Auch Binnengewässer erfüllen fast 100-prozentig die Mindeststandards. Besonders gute Noten erhielten Griechenland und Zypern

Brüssel. Die Badesaison kann kommen: Deutschlands Gewässer glänzen mit Rekordwerten bei Hygiene und Sauberkeit. Noch nie seit Beginn der Messungen für den jährlichen EU-Badegewässerbericht vor knapp 20 Jahren hat ein so hoher Anteil der deutschen Strände an Nord- und Ostsee sowie den Binnengewässern die Mindeststandards erfüllt: 99,5 Prozent der Küstenstrände und 98,4 Prozent der Flüsse und Seen hierzulande sind ausreichend sauber, um dort zu baden. Das ergab der gestern in Brüssel vorgestellte Bericht der Europäischen Kommission und der Europäischen Umweltagentur für 2009. Die Daten vom vergangenen Sommer böten einen zuverlässigen Trend für diesen Sommer, hieß es.

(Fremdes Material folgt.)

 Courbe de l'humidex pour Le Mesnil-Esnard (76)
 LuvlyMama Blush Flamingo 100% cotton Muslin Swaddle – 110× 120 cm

Ähnlich positiv fällt die gesamteuropäische Bilanz aus: In der EU ist die Wasserqualität seit 1990 enorm gestiegen, für Küstengebiete kletterte der Wert in diesem Zeitraum von 80 auf 95,6 Prozent und bei den Binnengewässern sogar von 52 auf 89,4 Prozent.

"In den vergangenen 30 Jahren hat die Gesetzgebung der EU sowie der einzelnen Mitgliedstaaten die Badegewässerqualität deutlich gesteigert", sagte EU-Umweltkommissar Janez Potocnik. "Unsere Arbeit ist aber noch nicht getan, wir müssen das Erreichte sichern und für weitere Verbesserungen sorgen." Ein Problem seien nach wie vor Abwässer aus nahe gelegenen Häfen sowie die Vermüllung der Strände.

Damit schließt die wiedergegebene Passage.